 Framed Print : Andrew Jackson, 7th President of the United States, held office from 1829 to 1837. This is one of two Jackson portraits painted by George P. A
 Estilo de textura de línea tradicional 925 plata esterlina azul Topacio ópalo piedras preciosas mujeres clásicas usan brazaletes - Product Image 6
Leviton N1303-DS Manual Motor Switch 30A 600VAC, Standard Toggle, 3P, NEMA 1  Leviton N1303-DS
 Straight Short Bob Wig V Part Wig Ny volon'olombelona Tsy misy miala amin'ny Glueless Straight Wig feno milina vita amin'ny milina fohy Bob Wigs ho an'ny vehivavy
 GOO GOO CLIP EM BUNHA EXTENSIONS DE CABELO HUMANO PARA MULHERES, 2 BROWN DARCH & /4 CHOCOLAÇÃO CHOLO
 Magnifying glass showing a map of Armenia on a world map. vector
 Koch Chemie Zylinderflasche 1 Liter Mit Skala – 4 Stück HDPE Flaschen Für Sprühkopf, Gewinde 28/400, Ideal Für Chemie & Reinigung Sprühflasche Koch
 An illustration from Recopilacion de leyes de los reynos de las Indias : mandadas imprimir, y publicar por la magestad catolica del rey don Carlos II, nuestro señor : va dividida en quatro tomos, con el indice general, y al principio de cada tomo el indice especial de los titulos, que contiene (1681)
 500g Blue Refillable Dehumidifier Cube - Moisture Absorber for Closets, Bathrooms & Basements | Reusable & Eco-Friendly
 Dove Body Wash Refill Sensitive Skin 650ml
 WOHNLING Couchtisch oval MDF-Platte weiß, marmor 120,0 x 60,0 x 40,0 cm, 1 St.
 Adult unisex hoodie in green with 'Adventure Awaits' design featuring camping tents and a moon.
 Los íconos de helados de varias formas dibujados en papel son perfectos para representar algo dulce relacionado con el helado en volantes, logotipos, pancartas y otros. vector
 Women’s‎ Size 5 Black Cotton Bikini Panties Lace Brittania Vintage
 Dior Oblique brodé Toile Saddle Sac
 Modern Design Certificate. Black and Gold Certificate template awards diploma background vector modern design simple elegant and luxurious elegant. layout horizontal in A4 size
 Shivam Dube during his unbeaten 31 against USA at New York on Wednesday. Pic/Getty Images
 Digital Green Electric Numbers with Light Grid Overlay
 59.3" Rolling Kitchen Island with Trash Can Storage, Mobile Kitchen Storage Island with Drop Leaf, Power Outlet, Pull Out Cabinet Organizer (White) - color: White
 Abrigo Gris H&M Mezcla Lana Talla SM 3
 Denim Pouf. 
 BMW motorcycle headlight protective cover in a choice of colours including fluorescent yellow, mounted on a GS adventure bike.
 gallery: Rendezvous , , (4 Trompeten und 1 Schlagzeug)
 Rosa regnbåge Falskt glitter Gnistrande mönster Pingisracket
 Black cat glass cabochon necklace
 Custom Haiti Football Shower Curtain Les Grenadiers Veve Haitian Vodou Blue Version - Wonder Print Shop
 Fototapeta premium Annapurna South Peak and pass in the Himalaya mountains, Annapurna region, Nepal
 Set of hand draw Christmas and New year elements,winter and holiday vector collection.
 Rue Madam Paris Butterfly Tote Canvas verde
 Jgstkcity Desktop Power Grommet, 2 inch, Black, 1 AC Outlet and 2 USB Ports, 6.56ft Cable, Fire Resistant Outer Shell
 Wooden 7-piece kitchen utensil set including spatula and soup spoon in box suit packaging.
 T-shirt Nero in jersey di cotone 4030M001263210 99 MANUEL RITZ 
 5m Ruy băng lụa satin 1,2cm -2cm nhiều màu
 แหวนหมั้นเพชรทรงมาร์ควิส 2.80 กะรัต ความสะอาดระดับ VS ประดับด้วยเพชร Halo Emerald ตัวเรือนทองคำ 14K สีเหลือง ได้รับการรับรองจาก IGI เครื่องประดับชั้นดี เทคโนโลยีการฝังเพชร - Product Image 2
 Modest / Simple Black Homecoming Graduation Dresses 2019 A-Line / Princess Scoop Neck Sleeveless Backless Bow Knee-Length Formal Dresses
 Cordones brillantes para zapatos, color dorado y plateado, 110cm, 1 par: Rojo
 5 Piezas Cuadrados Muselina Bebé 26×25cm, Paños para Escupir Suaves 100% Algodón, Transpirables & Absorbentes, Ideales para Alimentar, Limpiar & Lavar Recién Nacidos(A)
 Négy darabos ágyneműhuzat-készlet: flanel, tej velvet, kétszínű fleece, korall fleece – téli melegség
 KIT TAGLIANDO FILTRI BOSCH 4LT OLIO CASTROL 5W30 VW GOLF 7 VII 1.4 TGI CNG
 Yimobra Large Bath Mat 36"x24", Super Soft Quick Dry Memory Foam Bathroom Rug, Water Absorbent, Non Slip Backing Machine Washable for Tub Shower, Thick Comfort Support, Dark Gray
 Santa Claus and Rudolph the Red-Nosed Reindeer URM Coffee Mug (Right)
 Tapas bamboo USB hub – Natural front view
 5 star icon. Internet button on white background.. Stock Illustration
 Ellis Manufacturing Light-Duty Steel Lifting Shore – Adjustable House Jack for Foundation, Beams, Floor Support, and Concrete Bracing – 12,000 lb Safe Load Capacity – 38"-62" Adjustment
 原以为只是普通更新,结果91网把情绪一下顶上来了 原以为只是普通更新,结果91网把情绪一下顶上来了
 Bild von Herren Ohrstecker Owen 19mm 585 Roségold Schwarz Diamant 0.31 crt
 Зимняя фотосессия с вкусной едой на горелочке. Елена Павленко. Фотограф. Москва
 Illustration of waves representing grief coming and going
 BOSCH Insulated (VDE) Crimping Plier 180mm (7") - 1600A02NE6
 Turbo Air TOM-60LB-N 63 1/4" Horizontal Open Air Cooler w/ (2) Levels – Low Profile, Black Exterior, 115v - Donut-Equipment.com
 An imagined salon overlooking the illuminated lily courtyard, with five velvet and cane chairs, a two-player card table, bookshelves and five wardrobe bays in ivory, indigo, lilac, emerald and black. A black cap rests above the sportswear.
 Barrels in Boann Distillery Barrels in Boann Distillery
+--
What is required:
Transcription of all the material must be exact.

Output of the exercise:
 Framed Print : Andrew Jackson, 7th President of the United States, held office from 1829 to 1837. This is one of two Jackson portraits painted by George P. A
 Estilo de textura de línea tradicional 925 plata esterlina azul Topacio ópalo piedras preciosas mujeres clásicas usan brazaletes - Product Image 6
Leviton N1303-DS Manual Motor Switch 30A 600VAC, Standard Toggle, 3P, NEMA 1  Leviton N1303-DS
 Straight Short Bob Wig V Part Wig Ny volon'olombelona Tsy misy miala amin'ny Glueless Straight Wig feno milina vita amin'ny milina fohy Bob Wigs ho an'ny vehivavy
 GOO GOO CLIP EM BUNHA EXTENSIONS DE CABELO HUMANO PARA MULHERES, 2 BROWN DARCH & /4 CHOCOLAÇÃO CHOLO
 Magnifying glass showing a map of Armenia on a world map. vector
 Koch Chemie Zylinderflasche 1 Liter Mit Skala – 4 Stück HDPE Flaschen Für Sprühkopf, Gewinde 28/400, Ideal Für Chemie & Reinigung Sprühflasche Koch
 An illustration from Recopilacion de leyes de los reynos de las Indias : mandadas imprimir, y publicar por la magestad catolica del rey don Carlos II, nuestro señor : va dividida en quatro tomos, con el indice general, y al principio de cada tomo el indice especial de los titulos, que contiene (1681)
 500g Blue Refillable Dehumidifier Cube - Moisture Absorber for Closets, Bathrooms & Basements | Reusable & Eco-Friendly
 Dove Body Wash Refill Sensitive Skin 650ml
 WOHNLING Couchtisch oval MDF-Platte weiß, marmor 120,0 x 60,0 x 40,0 cm, 1 St.
 Adult unisex hoodie in green with 'Adventure Awaits' design featuring camping tents and a moon.
 Los íconos de helados de varias formas dibujados en papel son perfectos para representar algo dulce relacionado con el helado en volantes, logotipos, pancartas y otros. vector
 Women’s‎ Size 5 Black Cotton Bikini Panties Lace Brittania Vintage
 Dior Oblique brodé Toile Saddle Sac
 Modern Design Certificate. Black and Gold Certificate template awards diploma background vector modern design simple elegant and luxurious elegant. layout horizontal in A4 size
 Shivam Dube during his unbeaten 31 against USA at New York on Wednesday. Pic/Getty Images
 Digital Green Electric Numbers with Light Grid Overlay
 59.3" Rolling Kitchen Island with Trash Can Storage, Mobile Kitchen Storage Island with Drop Leaf, Power Outlet, Pull Out Cabinet Organizer (White) - color: White
 Abrigo Gris H&M Mezcla Lana Talla SM 3
 Denim Pouf. 
 BMW motorcycle headlight protective cover in a choice of colours including fluorescent yellow, mounted on a GS adventure bike.
 gallery: Rendezvous , , (4 Trompeten und 1 Schlagzeug)
 Rosa regnbåge Falskt glitter Gnistrande mönster Pingisracket
 Black cat glass cabochon necklace
 Custom Haiti Football Shower Curtain Les Grenadiers Veve Haitian Vodou Blue Version - Wonder Print Shop
 Fototapeta premium Annapurna South Peak and pass in the Himalaya mountains, Annapurna region, Nepal
 Set of hand draw Christmas and New year elements,winter and holiday vector collection.
 Rue Madam Paris Butterfly Tote Canvas verde
 Jgstkcity Desktop Power Grommet, 2 inch, Black, 1 AC Outlet and 2 USB Ports, 6.56ft Cable, Fire Resistant Outer Shell
 Wooden 7-piece kitchen utensil set including spatula and soup spoon in box suit packaging.
 T-shirt Nero in jersey di cotone 4030M001263210 99 MANUEL RITZ 
 5m Ruy băng lụa satin 1,2cm -2cm nhiều màu
 แหวนหมั้นเพชรทรงมาร์ควิส 2.80 กะรัต ความสะอาดระดับ VS ประดับด้วยเพชร Halo Emerald ตัวเรือนทองคำ 14K สีเหลือง ได้รับการรับรองจาก IGI เครื่องประดับชั้นดี เทคโนโลยีการฝังเพชร - Product Image 2
 Modest / Simple Black Homecoming Graduation Dresses 2019 A-Line / Princess Scoop Neck Sleeveless Backless Bow Knee-Length Formal Dresses
 Cordones brillantes para zapatos, color dorado y plateado, 110cm, 1 par: Rojo
 5 Piezas Cuadrados Muselina Bebé 26×25cm, Paños para Escupir Suaves 100% Algodón, Transpirables & Absorbentes, Ideales para Alimentar, Limpiar & Lavar Recién Nacidos(A)
 Négy darabos ágyneműhuzat-készlet: flanel, tej velvet, kétszínű fleece, korall fleece – téli melegség
 KIT TAGLIANDO FILTRI BOSCH 4LT OLIO CASTROL 5W30 VW GOLF 7 VII 1.4 TGI CNG
 Yimobra Large Bath Mat 36"x24", Super Soft Quick Dry Memory Foam Bathroom Rug, Water Absorbent, Non Slip Backing Machine Washable for Tub Shower, Thick Comfort Support, Dark Gray
 Santa Claus and Rudolph the Red-Nosed Reindeer URM Coffee Mug (Right)
 Tapas bamboo USB hub – Natural front view
 5 star icon. Internet button on white background.. Stock Illustration
 Ellis Manufacturing Light-Duty Steel Lifting Shore – Adjustable House Jack for Foundation, Beams, Floor Support, and Concrete Bracing – 12,000 lb Safe Load Capacity – 38"-62" Adjustment
 原以为只是普通更新,结果91网把情绪一下顶上来了 原以为只是普通更新,结果91网把情绪一下顶上来了
 Bild von Herren Ohrstecker Owen 19mm 585 Roségold Schwarz Diamant 0.31 crt
 Зимняя фотосессия с вкусной едой на горелочке. Елена Павленко. Фотограф. Москва
 Illustration of waves representing grief coming and going
 BOSCH Insulated (VDE) Crimping Plier 180mm (7") - 1600A02NE6
 Turbo Air TOM-60LB-N 63 1/4" Horizontal Open Air Cooler w/ (2) Levels – Low Profile, Black Exterior, 115v - Donut-Equipment.com
 An imagined salon overlooking the illuminated lily courtyard, with five velvet and cane chairs, a two-player card table, bookshelves and five wardrobe bays in ivory, indigo, lilac, emerald and black. A black cap rests above the sportswear.
 Barrels in Boann Distillery Barrels in Boann Distillery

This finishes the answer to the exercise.